14. Offset/Assignment
(1) DORMA shall have the right to offset claims arising from individual purchase orders against all claims against the Contractor held by a company in the DORMA Group.
(2) If DORMA is entitled to claims against other companies that belong to the same corporate group as the Contractor, then DORMA shall have the right to withhold payments until the claims against this company are settled.
(3) Assignments or other transfers of the Contractor’s rights and duties beyond the scope of application of Section 354 a HGB [German Commercial Code] are hereby precluded.
15. Licenses and Proprietary Rights
(1) DORMA may use the contractual item, including the underlying patent rights and other proprietary rights, in its corporate area without restriction. This license shall also entitle DORMA to make changes to the contractual item, and includes illustrations, drawings, calculations, analysis methods, formulations, and other works produced or developed by the Contractor during the formation and performance of the contract. DORMA may provide the documentation to third parties for the purpose of producing replacement parts and spare parts based upon such documentation, or to make changes.
(2) The Contractor hereby warrants that the granting of the license does not conflict with rights held by third parties, in particular the Contractor’s subcontractors, and hereby indemnifies DORMA in respect of any and all such claims.
(3) The statute of limitations for the obligation to ensure freedom from conflicting proprietary rights shall be 10 years, calculated from the date of contract formation.

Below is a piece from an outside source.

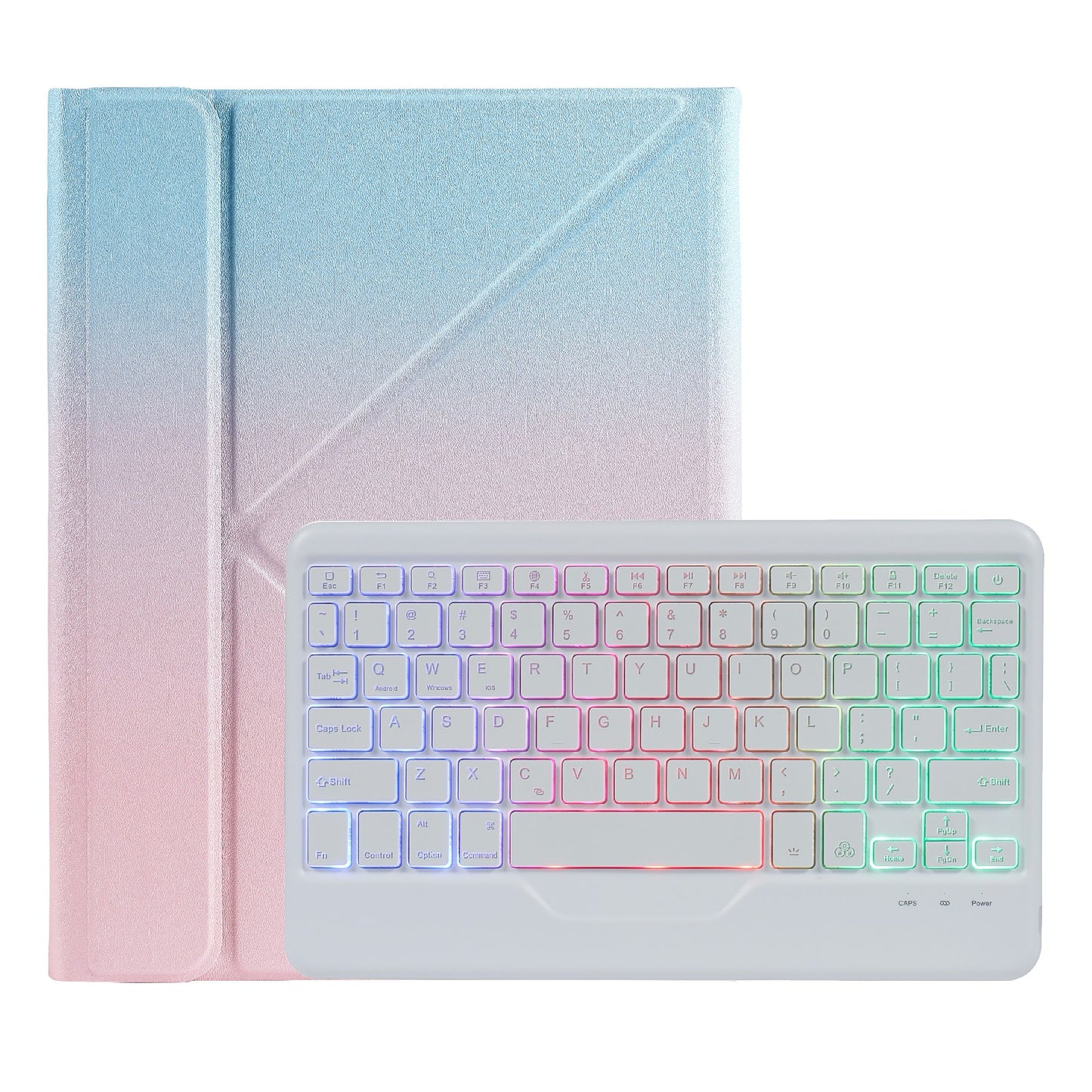 B07S Bluetooth Keyboard with Triangle Support Stand Leather Case [with Backlit] for iPad 9.7 (2017) (2018) / iPad Pro 9.7 (2016) / iPad Air 2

16. Retention of Title - Provision of Materials - Tools
(1) If DORMA provides parts to the Contractor, then DORMA shall retain ownership thereof. Processing or transformation performed by the Contractor shall be undertaken for DORMA. If the goods to which title is being retained are processed with other items not belonging to DORMA, then DORMA shall acquire co-ownership of the new item proportional to the value of the item (purchase price plus VAT) in respect of the other processed items at the time of processing.

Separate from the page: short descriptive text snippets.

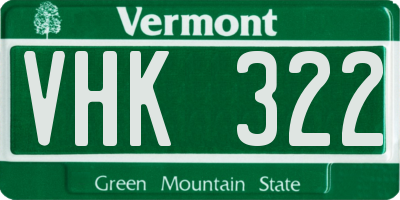 VT license plate VHK322
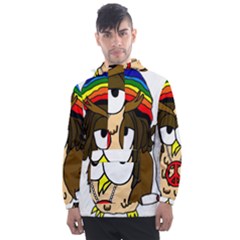  Rainbow Stoner Owl Men s Front Pocket Pullover Windbreaker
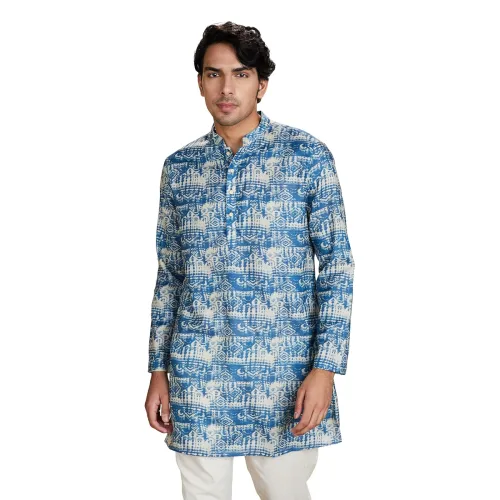 Image of Symbol Men’s Polyester Festive Printed Long Kurta (Regular Fit)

(2) If the item provided by DORMA is inseparably intermixed with other items not belonging to DORMA, then DORMA shall acquire co-ownership of the new item proportional to the value of the item to which title is being retained (purchase price plus VAT) in respect of the other intermixed items at the time of intermixing. If the intermixing occurs in such a way that the Contractor's item must be considered as the primary item, then the parties hereby agree that the Contractor shall transfer co-ownership to DORMA proportionally; the Contractor shall secure sole ownership or co-ownership for DORMA.

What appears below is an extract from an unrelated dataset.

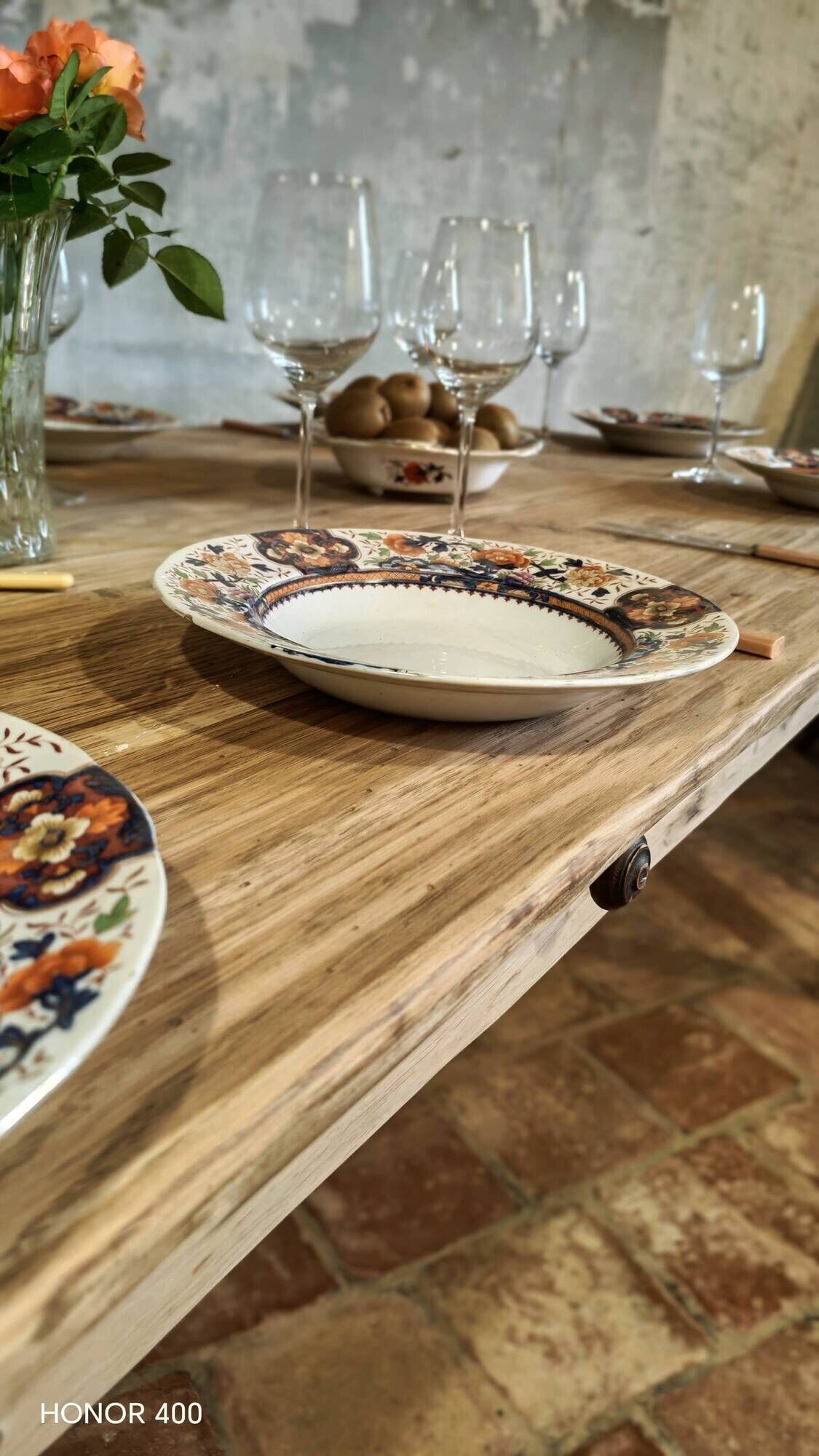 Solid oak farmhouse table "brut" 247x89, top "chocolate oak"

(3) To the extent that the Contractor is contractually obligated to produce tools, the tools shall become the property of DORMA after production and the payment of manufacturing costs. If the tools remain with the Contractor for the production of parts, then the handover of the tool shall be substituted by an arrangement in which the Contractor shall possess the tools for DORMA, and DORMA shall have indirect possession. The tools shall be provided to the Contractor by DORMA merely for production purposes. DORMA shall have the right to demand the tools from the Contractor at any time. The arrangement specified in Para. 4 shall also apply.
(4) DORMA shall retain ownership of the tools provided to the Contractor. The Contractor must use the tools exclusively for the manufacture of goods ordered by DORMA. The Contractor must also obtain, at his own expense, insurance covering fire, water damage and theft at replacement value for the tools belonging to DORMA. Simultaneously, the Contractor hereby assigns to DORMA all claims for compensation arising from such insurance; DORMA accepts the assignment. The Contractor must perform at its own expense all necessary maintenance, inspection, and repair work on the tools belonging to DORMA. The Contractor must immediately report any faults to DORMA; if the Contractor is at fault for neglecting to do so, then claims for compensatory damages shall remain unaffected.
(5) If the security rights to which DORMA is entitled pursuant to Para. (1) and/or Para. (2) exceed by more than 10% the purchase price of all goods to which title is retained and which have not yet been paid by DORMA, then DORMA must release the security rights at DORMA’s discretion, upon demand by the Contractor.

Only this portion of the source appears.